Other Outdated Ideas in Intimate Connections
- The “Three Strikes and You’re Out” Rule
- Burns advised that if someone you’re interested in doesn’t reciprocate after three attempts, you should move on. While this rule still has merit (avoiding desperation), modern psychology emphasizes a more nuanced approach, considering attachment styles and communication differences.
- The Focus on “Winning” the Dating Game
- The book sometimes frames dating as a strategic game where confidence and attitude determine success. While confidence is important, modern psychology recognizes that deep connections are more about authenticity, vulnerability, and emotional attunement rather than “playing it cool.”
- Outdated Gender Norms in Dating
- Some sections imply traditional gender roles in courtship, like men needing to take the lead and women being the gatekeepers of attraction. While Burns never promoted sexism, his newer work avoids rigid gender-based assumptions.
- Overemphasis on “Enjoying Being Alone” Before a Relationship
- While being comfortable alone is valuable, Intimate Connections suggests that once you love being alone, romantic relationships will come naturally. It may or may not come naturally. If you never learn tools to communicate in a healthy manner, it won’t just happen automatically. In addition, modern attachment theory, along with several cultures and religions, suggests that humans are wired for connection—you don’t need to be perfectly happy alone before seeking love, but having healthy thinking patterns and contentment will create a joyful life alone or finding a companion. In other words, it’s ok to admit and embrace your desire for a long-term relationship, even for marriage.
- David has shifted his Focus from Romantic Relationships to a Full Life
Burns emphasizes the importance of learning to enjoy being alone—not because solitude is a prerequisite for love, but because happiness doesn’t depend on having a romantic partner. He argues that we already have many meaningful connections (friends, family, community) that provide social fulfillment. Rather than seeing romantic relationships as the primary source of joy, he encourages people to build a rich, satisfying life where love is a bonus, not a requirement.
- Using Humor to Overcome Rejection
- Burns s Burns encourages lighthearted humor as a way to reframe rejection, which can be helpful—but only when combined with self-acceptance. Humor can be a powerful tool for reducing emotional pain and shifting perspective, but for some people, practicing self-compassion is often more effective. It’s important to ensure that humor isn’t being used to deflect or suppress emotions, but rather as a way to foster resilience and perspective.

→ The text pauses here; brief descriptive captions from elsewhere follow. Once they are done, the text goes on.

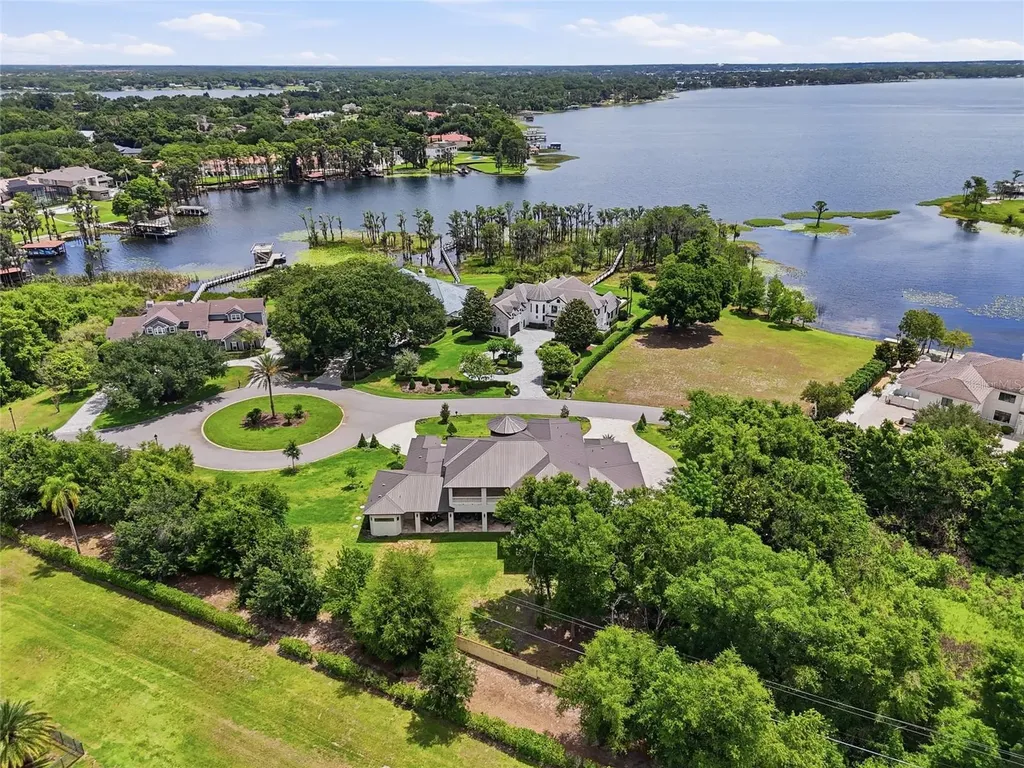 12623 Park Avenue Windermere FL 34786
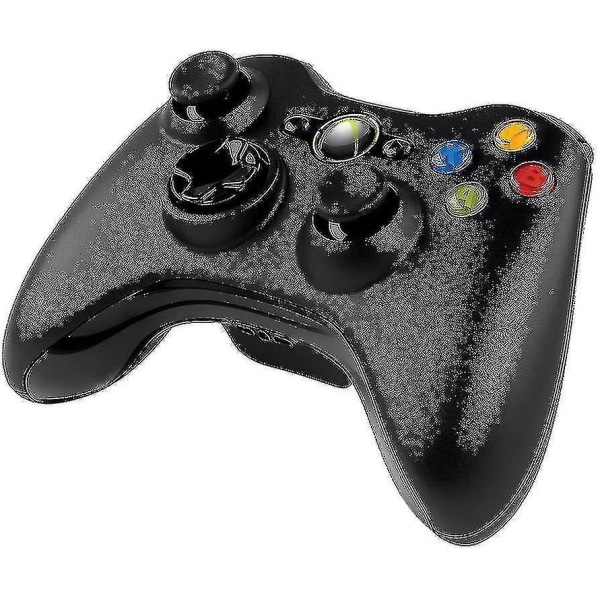 Trådløs Xbox 360-controller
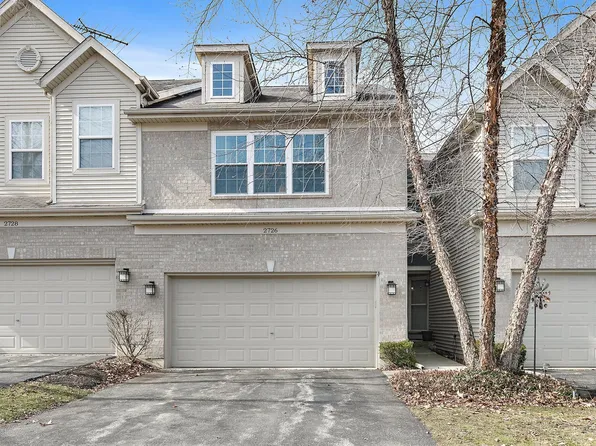 2726 Granite Ct #2726, Crystal Lake, IL 60012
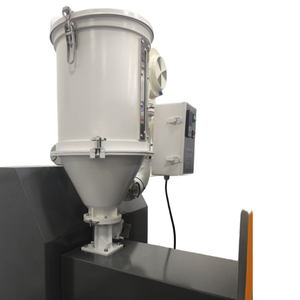 Energy Saving Low Pressure Molding Machine With Efficient <b>Heating</b> System - Product Image 3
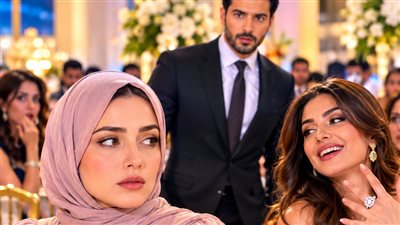 بعد 20 سنه
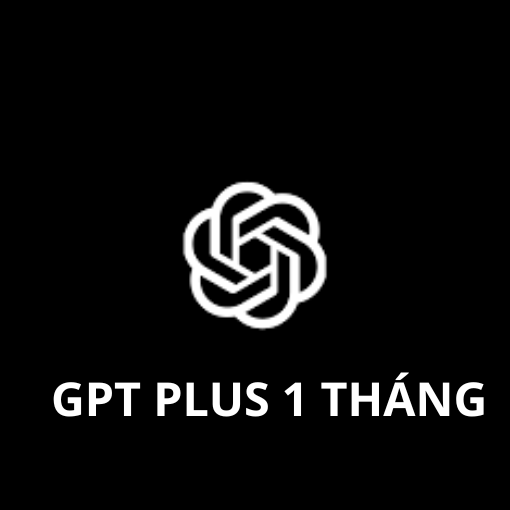 Mua tài khoản Chat GPT Plus 1 tháng giá rẻ chỉ 90K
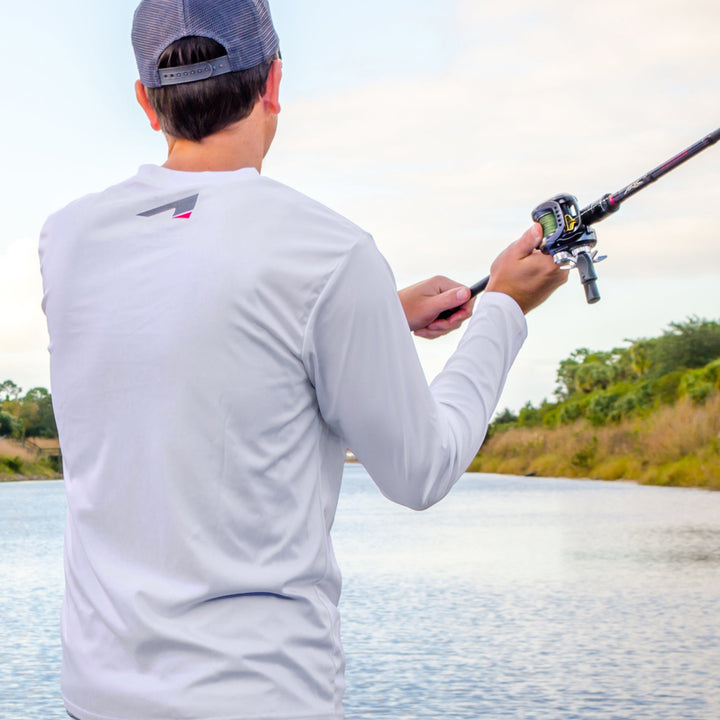 SALE - ARK Rods UV Performance Shirt + FREE SHIPPING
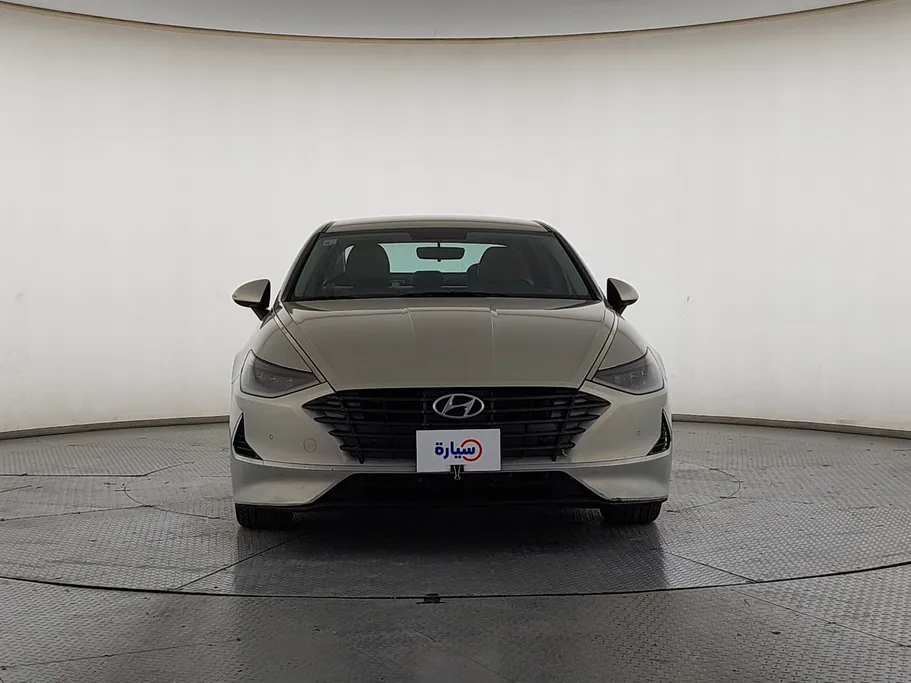 2022 Hyundai Sonata Smart 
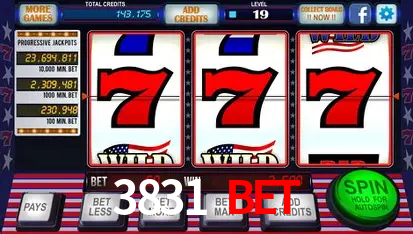 Desvendando o Mundo dos Jogos Virtuais na 3831 bet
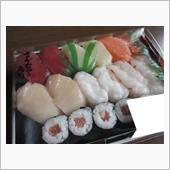 昨日の&quot;ラ&quot;と本日の&quot;ス&quot;･ ...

His Evolved Approach in Feeling Good Together
Dr. Burns now believes that true relationship success comes from effective communication, taking responsibility for our part in conflicts, and addressing cognitive distortions rather than “winning” at dating or boosting self-esteem. His newer TEAM-CBT methods provide more precise ways to address relationship challenges.
In Summary
Intimate Connections focuses on dating, loneliness, and self-esteem, using older CBT techniques. Dr. Burns has updated his psychological philosophy over time, moving away from concepts like self-esteem and traditional dating norms. He now emphasizes self-acceptance, addressing negative self-talk, and building healthy relationships. Feeling Good Together addresses improving existing relationships and Feeling Great or When Panic Attacks are better books to address inner demons that cause suffering.
Sources:
Burns, D. D. (1985). Intimate connections: The new and clinically tested program for overcoming loneliness developed at the Presbyterian-University of Pennsylvania Medical Center. William Morrow & Co.
Burns, D. D. (2008). Feeling good together: The secret to making troubled relationships work. Broadway Books.